One thing is distracting me when watching the trailers though. For all the brilliant theatrics, set pieces, costumes and star power, there appears to be no mention of the fact this is a musical. Well, that’s not strictly true. There’s a brief mention right at the end of each trailer to “music from Academy Award and Tony Award winners Benj Pasek and Justin Paul”. Not much of a way to sing the praises of the central crux of the film.

My question is: why? In 2017 we’ve already had proven to us that cinema-goers love musicals. ‘La La Land’ achieved a global box office of $445,669,679 (as of 25th November 2017), based on a budget of $30m. Admittedly, this may be an exceptional and unexpected success, but it sets a precedent that there is certainly an appetite for a well-delivered musical.

It’s not as if this hasn’t bitten other films before. When Tim Burton’s Sweeney Todd was released in 2008, cinema-goers in the UK were seen to walk out of screenings due to the misleading nature of the trailers. Complaints were made to the Advertising Standards Authority. It looked like a horror film but turned out not only to be a musical, but a faithful version of a Sondheim musical. Guess what? Sondheim famously makes his musicals extremely musical-y, with seemingly the entire film being delivered in song form.

It just feels incredible that a studio would make the same mistakes again.
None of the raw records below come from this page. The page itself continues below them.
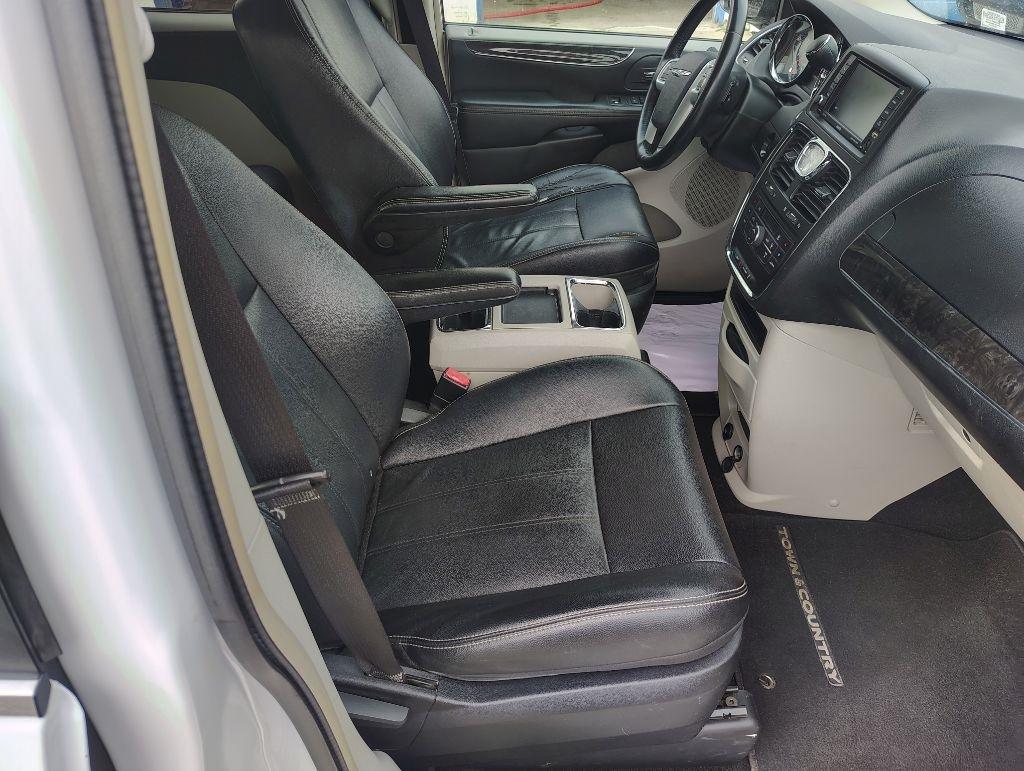 Chrysler Town & Country  2014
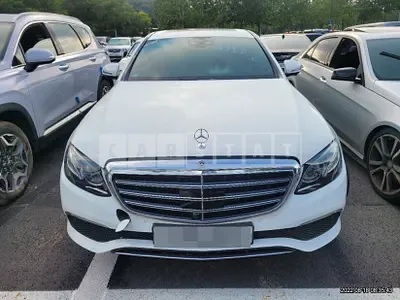 Photo 1 of 14: 2020 Mercedes-Benz Simmaryz-Benz E 300 4Matic — Korean insurance auction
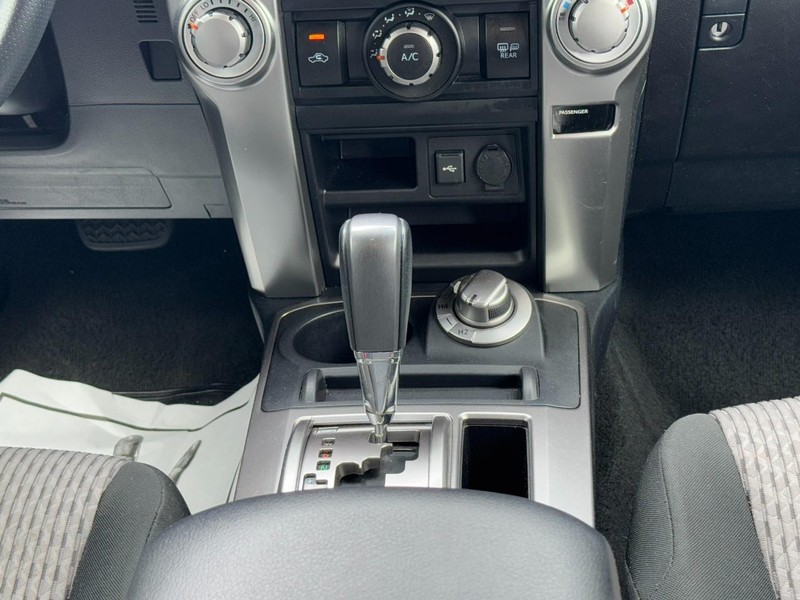 Toyota 4Runner Vehicle Full-screen Gallery Image 14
The craziest thing is that the music is absolutely brilliant and should be being trumpeted to help sell the film. The lead cast are all seasoned musical professionals – a huge improvement on the likes of ‘Beauty and the Beast’ and ‘The Jungle Book’, which featured the more experienced musical performers in minor roles.

You can listen to a couple of tracks below and make your mind up yourself.

I’m a great believer that audiences are intelligent enough to make their own decisions. We hate to be lured into an auditorium under false pretences.

I guess we’ll find out if there’s any backlash this Christmas.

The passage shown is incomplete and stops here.